(Beginning of Entries shown)

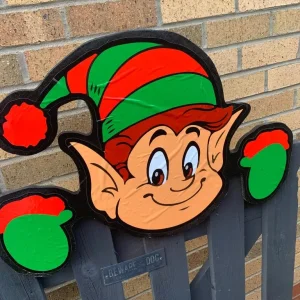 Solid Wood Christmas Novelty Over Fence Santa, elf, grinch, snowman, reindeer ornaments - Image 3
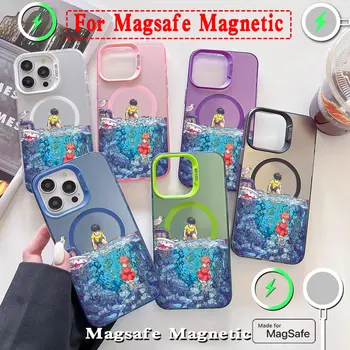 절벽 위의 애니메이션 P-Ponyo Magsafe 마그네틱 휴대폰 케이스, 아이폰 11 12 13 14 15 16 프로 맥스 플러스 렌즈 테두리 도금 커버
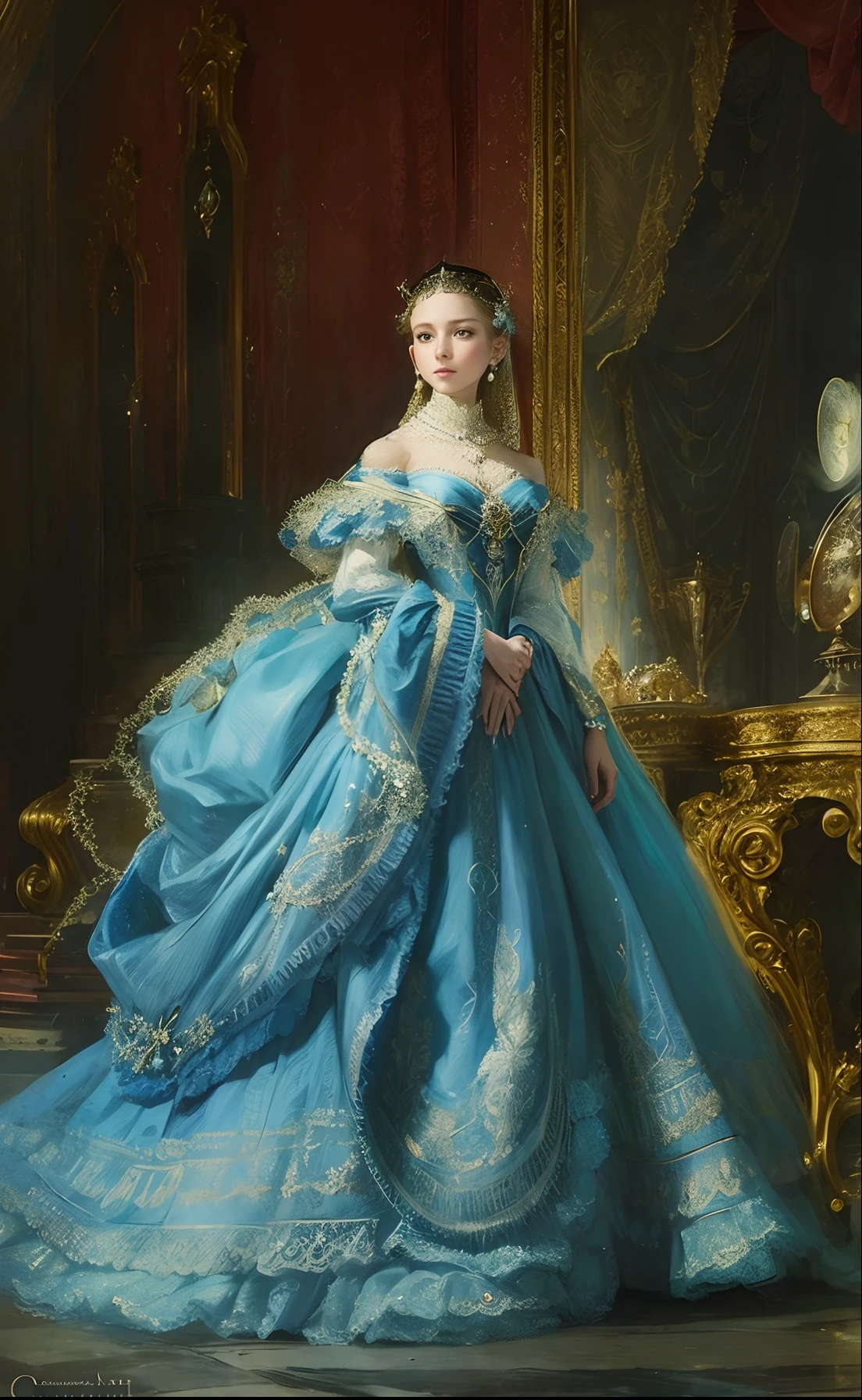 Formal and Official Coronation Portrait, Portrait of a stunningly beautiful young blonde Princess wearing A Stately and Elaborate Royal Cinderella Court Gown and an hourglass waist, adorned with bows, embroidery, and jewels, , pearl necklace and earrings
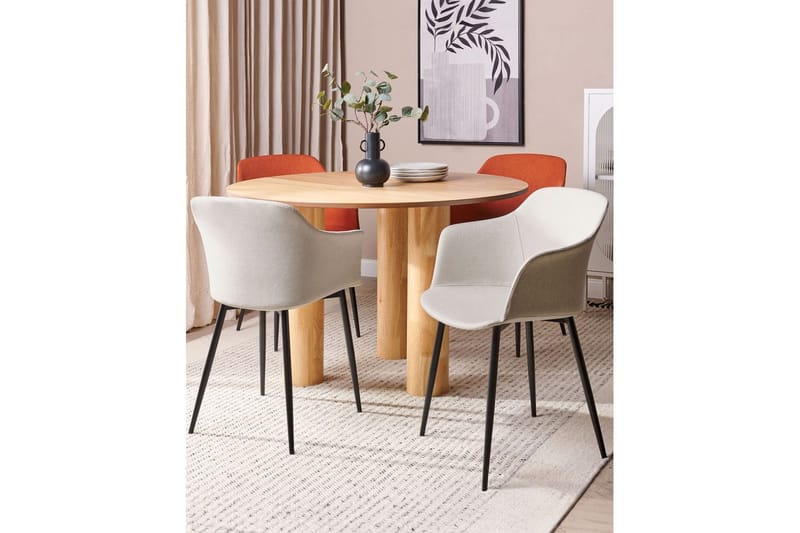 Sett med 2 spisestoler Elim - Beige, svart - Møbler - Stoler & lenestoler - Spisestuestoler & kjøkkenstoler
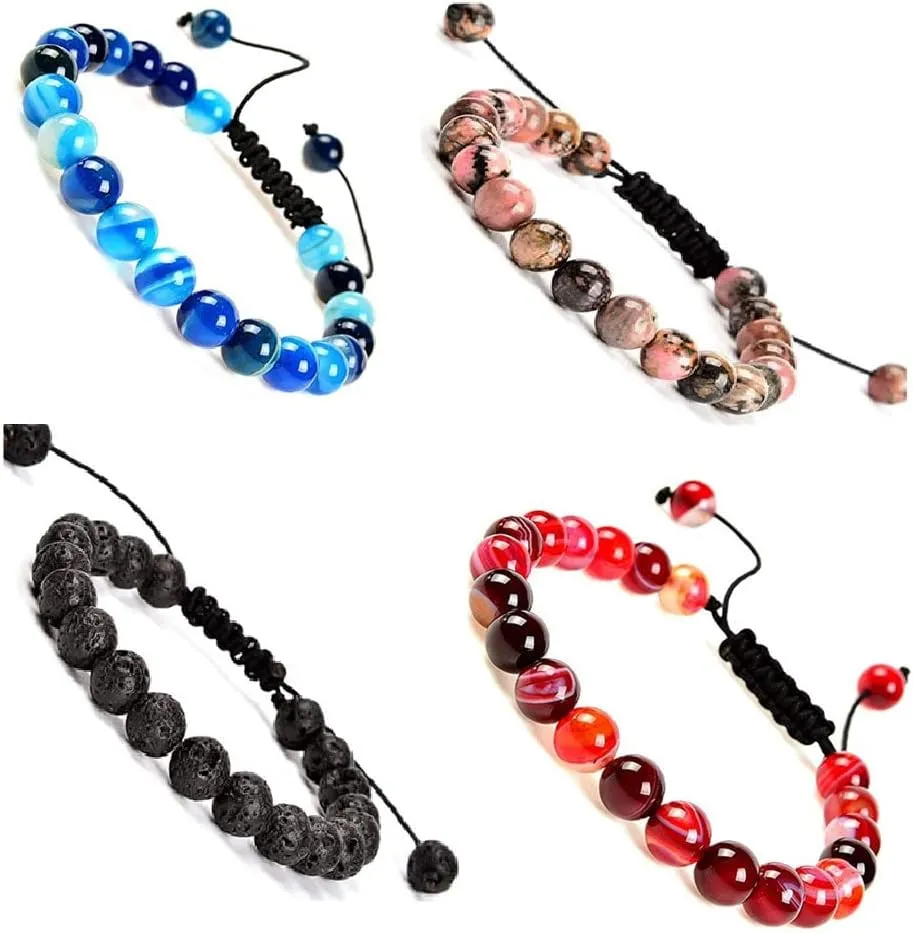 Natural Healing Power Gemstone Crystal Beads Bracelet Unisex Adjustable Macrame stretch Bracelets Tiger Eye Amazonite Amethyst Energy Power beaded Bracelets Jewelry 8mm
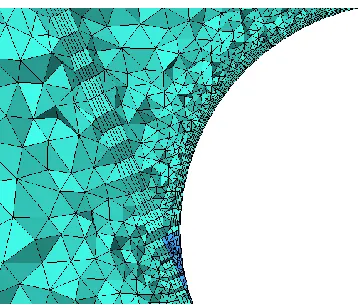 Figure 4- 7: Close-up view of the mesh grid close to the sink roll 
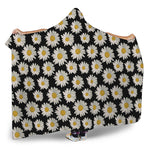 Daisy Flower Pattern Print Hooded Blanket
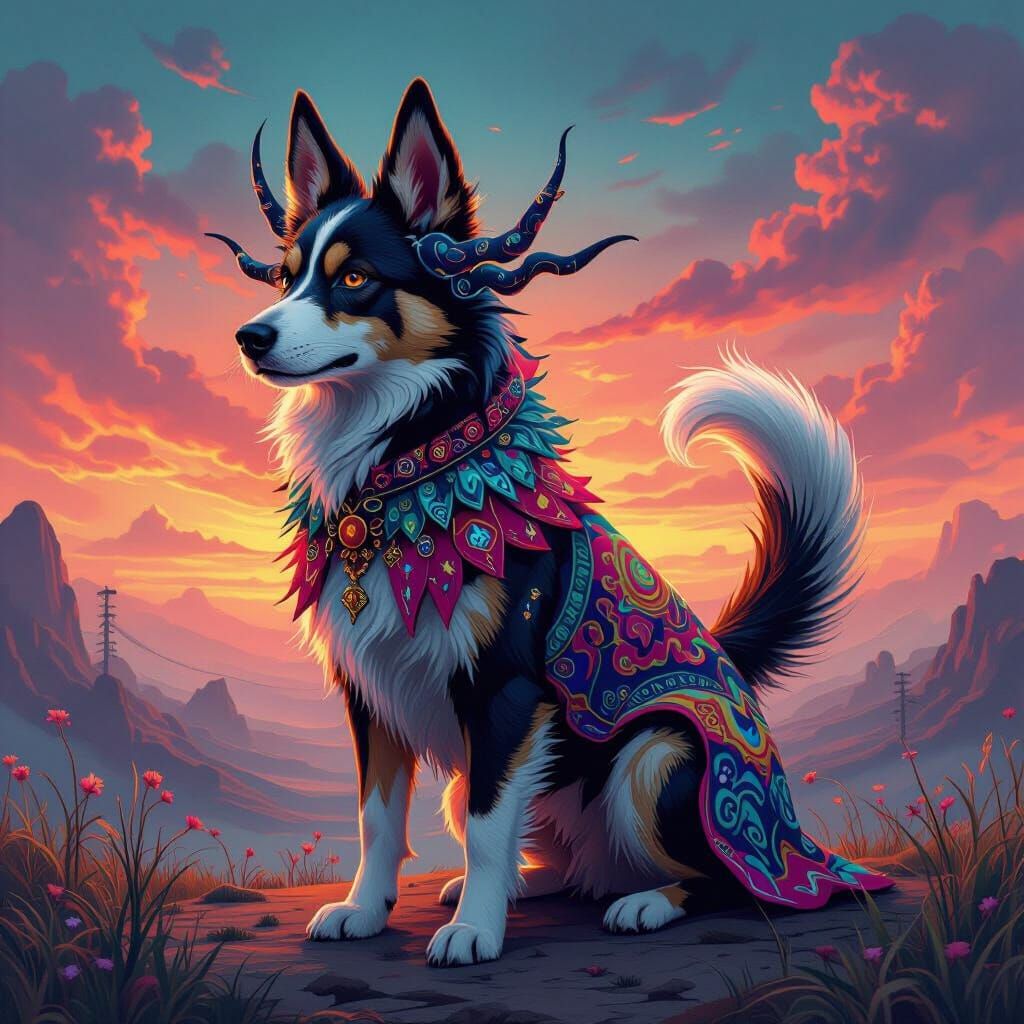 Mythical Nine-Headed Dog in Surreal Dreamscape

(End of Entries shown)

In the entries above, find the line containing "절벽 위의 애니메이션" and the line containing "Formal and Official"; give again exactly those two lines and every line between them, minus the pictures.

 절벽 위의 애니메이션 P-Ponyo Magsafe 마그네틱 휴대폰 케이스, 아이폰 11 12 13 14 15 16 프로 맥스 플러스 렌즈 테두리 도금 커버
 Formal and Official Coronation Portrait, Portrait of a stunningly beautiful young blonde Princess wearing A Stately and Elaborate Royal Cinderella Court Gown and an hourglass waist, adorned with bows, embroidery, and jewels, , pearl necklace and earrings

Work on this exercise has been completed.